Rusya ve ABD merkezli güçler arasında süren dolaylı savaş, ittifak ve güç ilişkilerini yeniden tanımlıyor ya da düzenliyor. Bu bakımdan DSG'nin Suriye'de izlediği denge politikasında bir kısım zorunlu değişikliklere gidecektir. Geçmişte olduğu gibi Suriye'de rekabet halinde olan uluslararası ve bölgesel güçler arasında denge stratejisine göre hareket etme koşulları bulunmuyor. Efrin olayında olduğu gibi bu 'denge' politikasının zeminin kaybolduğunu ve bundan ısrarın da kaybettireceğini gösterdi. Rusya ve İran ile denge politikasının kurulmasının koşulları fiilen ortadan kalktı. Önümüzdeki süreçte DGS,  ABD-Fransa merkezli yeni oluşan ittifak güçleriyle daha yakın bir politika izleyecekler gibi görünüyor. Efrin sürecinde ortaya çıkan ders; bölgede birbiriyle rekabet halinde olan iki güçle eş zamanlı dengeli bir ittifak oluşturmanın pek mümkün olmadığını ve bölgedeki stratejik çıkarlar için bir güçle ittifak yapılması gerektiği görüldü. Kimseye bağımlı olmamak iddiasıyla denge politikasını sürdürmenin kaybettirici bir etki yaratacağı açıktır. Bu nedenle Kürt merkezli DSG için ABD-Fransa ittifakı belirgin olarak ön plana çıkacaktır. Ayrıca Ankara'nın hem Menbiç hem de Fırat'ın Batısına yönelik yapacağı olası bir operasyonun engellenmesinin öncelikli yolu ABD-Fransa ittifakına daha güçlü dahil olma zorunluluğu ortaya çıkıyor. 
 
İslamcı örgütlerin El Bab, Cerablus ve Azez bölgesinde yapacakları olası saldırıların karşılığı olarak DSG'nin de buna karşılık El Bab üzerinde başlayarak Efrin'e doğru kayma olasılığı yüksek olan ve bir kısım alanların kontrolü için yeni bir sürecin oluşması sürpriz sayılmamalıdır. Bu bakımdan El Bab'daki gelişmelere, ABD ve Fransa'nın askeri tutumuna bağlı olarak Efrin'de çekilen DSG'nin El Bab'a girmesi ve Efrin sınırlarına girmesi sürpriz olmaz.
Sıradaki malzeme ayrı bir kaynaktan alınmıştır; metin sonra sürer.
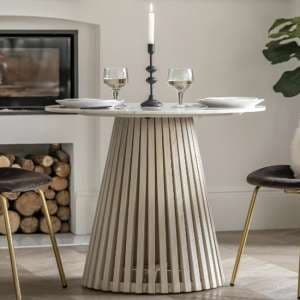Salvo Marble Top Dining Table Round With Mango Wood Base - UK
Bu nedenle DSG'nin ABD-İngiltere-Fransa üçlüsünün bölgedeki izledikleri askeri ve politik stratejiyi doğru okuması ve buna uygun sonuçlar çıkartması önemlidir. Örneğin El Bab ve Efrin'in yeniden gündeme getirilmesinin ön koşulu, Rakka bölgesinde IŞİD karşı devam eden ancak duran operasyonların tamamlanması ve enerji yataklarının bütünlüklü olarak güvenceye alınmasıdır. El Bab ve Efrin bu sürecin bir parçası olarak yeniden gündeme gelecektir. İttifak yapılan güçlerin ne yapmak istedikleri, neyi hedefledikleri doğru okunduğu taktirde sonuç alınır, aksi taktirde yeni Efrinler gündeme gelir.